Perhaps that is why during his 1996-2001 tenure as judge at the Moscow City Court Pashin boasted the highest acquittal rate—8%. This is 150-200% higher than other judges working at the same court, and much more than the 0.38% average rate nationwide.
But it is not only this statistic which has made Pashin famous. In 1991-1995, Pashin was a leading expert instrumental in implementing legal reforms designed to bring Russia closer to a state of law.
Pashin’s passion for law followed from reading the speeches of famous turn-of-the-century Russian jurists—Plevako, Spasovich, Urusov, Kravchevsky. He recalls being attracted “by the beauty of the jury court, by the opportunity to acquit a man who formally breached the law. All of this evoked serious ethical and aesthetic emotions.”
But how was a son of simple engineers with no useful contacts in high places to pursue a legal career? Just one in 40 students without legal experience are admitted to the law faculty at the Moscow State University (MGU). Pashin’s “secret” was that he had long been an avid reader, and had been fortunate in having good teachers, especially a teacher of history who “awoke in him not just the know-how of learning but mostly of understanding.”

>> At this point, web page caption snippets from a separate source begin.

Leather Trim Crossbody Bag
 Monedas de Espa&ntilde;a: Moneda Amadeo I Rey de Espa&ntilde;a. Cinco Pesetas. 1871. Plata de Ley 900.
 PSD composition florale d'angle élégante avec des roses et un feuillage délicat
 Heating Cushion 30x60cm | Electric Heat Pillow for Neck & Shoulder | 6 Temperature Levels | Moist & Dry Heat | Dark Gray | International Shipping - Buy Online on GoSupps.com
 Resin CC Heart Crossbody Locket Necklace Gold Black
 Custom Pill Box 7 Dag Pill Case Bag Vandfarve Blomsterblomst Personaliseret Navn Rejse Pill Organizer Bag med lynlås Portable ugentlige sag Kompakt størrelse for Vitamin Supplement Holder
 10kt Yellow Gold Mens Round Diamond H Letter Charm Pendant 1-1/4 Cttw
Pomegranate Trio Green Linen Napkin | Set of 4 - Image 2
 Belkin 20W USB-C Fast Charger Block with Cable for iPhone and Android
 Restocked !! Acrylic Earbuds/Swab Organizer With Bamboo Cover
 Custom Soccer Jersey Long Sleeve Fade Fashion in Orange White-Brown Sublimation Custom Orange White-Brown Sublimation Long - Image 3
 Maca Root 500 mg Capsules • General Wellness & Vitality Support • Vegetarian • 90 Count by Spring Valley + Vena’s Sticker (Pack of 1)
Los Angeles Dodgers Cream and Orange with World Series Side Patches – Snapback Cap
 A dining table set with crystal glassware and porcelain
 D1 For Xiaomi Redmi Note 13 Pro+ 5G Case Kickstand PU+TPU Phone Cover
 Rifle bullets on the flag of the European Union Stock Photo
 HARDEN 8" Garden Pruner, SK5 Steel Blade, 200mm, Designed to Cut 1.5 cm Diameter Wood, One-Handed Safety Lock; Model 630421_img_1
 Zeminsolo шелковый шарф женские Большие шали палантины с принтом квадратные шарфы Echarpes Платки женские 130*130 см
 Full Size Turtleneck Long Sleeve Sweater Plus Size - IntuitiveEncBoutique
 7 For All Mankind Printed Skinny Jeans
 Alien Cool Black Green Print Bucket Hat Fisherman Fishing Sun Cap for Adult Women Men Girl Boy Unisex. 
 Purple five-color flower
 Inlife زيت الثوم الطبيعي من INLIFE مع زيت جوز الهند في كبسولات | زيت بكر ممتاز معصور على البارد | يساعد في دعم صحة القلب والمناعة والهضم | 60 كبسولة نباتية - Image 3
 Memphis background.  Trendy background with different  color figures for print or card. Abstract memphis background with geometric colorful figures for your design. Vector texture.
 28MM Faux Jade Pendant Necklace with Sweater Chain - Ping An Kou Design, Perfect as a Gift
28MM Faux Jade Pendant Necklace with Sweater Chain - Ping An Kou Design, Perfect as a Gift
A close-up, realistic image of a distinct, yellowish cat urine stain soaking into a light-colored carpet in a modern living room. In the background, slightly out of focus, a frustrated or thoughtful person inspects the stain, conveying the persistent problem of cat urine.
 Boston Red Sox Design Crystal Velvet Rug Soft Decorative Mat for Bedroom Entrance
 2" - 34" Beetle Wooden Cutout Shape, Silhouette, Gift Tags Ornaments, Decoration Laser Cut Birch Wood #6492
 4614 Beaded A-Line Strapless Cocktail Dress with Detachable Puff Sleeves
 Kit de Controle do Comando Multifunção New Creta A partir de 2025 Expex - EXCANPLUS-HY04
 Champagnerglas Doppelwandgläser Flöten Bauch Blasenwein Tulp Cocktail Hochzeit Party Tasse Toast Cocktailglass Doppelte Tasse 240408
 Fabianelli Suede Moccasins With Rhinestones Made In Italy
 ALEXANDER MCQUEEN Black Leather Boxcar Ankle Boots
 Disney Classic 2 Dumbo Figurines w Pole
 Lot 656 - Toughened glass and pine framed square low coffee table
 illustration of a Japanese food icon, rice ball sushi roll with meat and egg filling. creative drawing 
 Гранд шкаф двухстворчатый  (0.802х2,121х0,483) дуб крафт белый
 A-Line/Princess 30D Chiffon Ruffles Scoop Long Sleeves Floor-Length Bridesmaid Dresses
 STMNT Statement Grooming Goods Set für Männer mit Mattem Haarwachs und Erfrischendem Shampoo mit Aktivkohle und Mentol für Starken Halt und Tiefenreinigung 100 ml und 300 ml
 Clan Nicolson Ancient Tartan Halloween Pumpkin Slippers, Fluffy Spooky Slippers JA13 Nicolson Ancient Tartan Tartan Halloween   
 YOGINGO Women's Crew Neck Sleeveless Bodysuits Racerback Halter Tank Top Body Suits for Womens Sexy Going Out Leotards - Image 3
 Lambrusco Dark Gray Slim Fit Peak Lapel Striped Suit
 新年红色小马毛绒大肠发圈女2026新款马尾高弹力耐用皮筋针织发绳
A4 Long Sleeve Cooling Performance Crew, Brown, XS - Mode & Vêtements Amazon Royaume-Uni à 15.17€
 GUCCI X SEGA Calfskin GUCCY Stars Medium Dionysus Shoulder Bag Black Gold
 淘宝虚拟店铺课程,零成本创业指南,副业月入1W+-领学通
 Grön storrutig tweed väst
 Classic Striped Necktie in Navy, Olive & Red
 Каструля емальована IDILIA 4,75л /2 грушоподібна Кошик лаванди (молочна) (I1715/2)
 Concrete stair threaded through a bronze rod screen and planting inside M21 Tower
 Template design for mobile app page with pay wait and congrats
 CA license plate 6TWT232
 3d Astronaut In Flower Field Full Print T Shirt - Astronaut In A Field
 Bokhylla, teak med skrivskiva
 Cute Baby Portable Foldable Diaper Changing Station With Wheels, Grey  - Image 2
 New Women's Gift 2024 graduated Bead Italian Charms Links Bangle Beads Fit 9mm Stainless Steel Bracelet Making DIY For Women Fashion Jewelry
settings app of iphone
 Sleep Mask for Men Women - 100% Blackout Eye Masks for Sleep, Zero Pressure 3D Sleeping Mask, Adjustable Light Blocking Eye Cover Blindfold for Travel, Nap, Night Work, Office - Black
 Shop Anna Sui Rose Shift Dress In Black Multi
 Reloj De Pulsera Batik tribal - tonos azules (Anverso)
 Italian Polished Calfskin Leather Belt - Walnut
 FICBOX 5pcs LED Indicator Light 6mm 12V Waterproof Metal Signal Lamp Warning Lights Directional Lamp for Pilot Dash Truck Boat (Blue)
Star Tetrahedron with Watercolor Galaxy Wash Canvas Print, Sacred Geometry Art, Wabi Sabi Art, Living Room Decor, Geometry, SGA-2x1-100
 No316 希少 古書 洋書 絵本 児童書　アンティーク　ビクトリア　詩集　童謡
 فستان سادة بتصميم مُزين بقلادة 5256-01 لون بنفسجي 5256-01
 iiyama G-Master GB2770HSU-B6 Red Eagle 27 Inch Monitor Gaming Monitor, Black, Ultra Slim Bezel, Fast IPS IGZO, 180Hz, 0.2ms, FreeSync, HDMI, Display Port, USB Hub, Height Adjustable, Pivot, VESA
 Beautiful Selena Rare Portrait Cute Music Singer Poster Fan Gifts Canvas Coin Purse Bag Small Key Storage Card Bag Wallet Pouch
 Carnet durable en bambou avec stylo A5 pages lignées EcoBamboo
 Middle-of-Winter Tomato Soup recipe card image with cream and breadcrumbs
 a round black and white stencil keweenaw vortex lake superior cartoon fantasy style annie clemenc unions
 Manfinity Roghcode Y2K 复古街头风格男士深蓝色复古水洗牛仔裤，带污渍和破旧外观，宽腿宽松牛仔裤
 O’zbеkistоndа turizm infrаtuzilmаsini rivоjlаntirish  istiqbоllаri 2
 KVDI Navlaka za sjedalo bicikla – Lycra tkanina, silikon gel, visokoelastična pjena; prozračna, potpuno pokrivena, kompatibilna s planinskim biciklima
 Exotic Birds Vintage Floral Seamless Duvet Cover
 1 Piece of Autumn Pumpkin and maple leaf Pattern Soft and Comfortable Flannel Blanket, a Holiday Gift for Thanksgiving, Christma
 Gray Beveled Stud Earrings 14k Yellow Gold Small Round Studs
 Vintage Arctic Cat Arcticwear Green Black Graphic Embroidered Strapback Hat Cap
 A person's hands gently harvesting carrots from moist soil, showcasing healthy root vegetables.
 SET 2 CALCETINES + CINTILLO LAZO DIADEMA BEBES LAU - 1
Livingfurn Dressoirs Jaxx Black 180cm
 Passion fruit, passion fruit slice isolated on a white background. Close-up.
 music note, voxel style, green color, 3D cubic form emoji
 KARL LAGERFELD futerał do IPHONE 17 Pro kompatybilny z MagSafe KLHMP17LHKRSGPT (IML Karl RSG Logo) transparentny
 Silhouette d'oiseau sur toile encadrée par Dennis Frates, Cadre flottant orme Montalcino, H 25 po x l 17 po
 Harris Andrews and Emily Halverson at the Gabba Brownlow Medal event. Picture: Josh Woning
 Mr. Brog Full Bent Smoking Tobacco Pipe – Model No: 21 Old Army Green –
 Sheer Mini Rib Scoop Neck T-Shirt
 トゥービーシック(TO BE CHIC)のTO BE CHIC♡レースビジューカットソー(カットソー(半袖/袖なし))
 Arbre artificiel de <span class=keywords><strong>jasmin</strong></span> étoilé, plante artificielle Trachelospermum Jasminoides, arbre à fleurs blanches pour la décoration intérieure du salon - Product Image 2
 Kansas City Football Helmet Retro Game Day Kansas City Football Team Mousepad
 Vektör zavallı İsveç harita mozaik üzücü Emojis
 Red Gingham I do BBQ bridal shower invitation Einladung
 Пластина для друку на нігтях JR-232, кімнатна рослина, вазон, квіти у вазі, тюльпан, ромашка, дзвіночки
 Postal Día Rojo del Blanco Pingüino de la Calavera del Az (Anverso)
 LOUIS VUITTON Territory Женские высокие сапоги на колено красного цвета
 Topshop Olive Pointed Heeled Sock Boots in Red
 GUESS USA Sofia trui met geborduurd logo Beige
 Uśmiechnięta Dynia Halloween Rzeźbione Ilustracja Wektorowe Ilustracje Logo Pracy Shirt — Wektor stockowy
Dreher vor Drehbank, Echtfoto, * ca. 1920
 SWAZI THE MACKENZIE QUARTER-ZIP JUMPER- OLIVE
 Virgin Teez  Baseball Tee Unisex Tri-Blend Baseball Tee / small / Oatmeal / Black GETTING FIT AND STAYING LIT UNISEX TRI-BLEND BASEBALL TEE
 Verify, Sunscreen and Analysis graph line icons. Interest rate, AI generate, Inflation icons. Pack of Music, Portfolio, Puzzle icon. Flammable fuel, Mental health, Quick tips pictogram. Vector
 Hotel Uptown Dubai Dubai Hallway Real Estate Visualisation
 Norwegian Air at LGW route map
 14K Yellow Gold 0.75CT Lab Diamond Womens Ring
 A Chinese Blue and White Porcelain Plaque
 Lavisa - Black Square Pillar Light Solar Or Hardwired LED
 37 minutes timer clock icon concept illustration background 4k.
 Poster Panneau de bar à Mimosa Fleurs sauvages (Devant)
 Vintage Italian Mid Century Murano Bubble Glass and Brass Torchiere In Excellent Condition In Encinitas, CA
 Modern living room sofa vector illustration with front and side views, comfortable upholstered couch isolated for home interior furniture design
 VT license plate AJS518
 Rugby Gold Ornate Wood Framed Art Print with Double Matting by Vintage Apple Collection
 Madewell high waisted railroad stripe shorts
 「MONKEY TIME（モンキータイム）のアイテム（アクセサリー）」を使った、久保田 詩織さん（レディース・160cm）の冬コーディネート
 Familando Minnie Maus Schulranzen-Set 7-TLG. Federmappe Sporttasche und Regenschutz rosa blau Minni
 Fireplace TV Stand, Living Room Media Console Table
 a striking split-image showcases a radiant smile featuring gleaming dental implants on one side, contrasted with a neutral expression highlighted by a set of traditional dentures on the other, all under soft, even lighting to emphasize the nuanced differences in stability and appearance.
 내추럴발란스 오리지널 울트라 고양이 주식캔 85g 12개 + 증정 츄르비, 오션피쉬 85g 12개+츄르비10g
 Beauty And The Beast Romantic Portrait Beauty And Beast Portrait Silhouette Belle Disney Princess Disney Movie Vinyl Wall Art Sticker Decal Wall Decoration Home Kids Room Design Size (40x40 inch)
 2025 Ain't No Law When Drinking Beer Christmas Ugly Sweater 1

After graduation and the defense of his PhD dissertation, Pashin taught for three-and-a-half years at MGU. But such a brilliant young jurist was meant to make a career in higher places. In 1990, Pashin was invited to work as senior consultant at the Supreme Court of the USSR. In 1990-1992, he served as chief expert of the legal department of the Staff of the Presidium of the Supreme Soviet of the Russian Federation (then under Yeltsin). And in 1992, he became the head of one of the key bodies of Russia’s nascent democracy: The Department of Legal Reform of the State and Law Directorate of the Russian President.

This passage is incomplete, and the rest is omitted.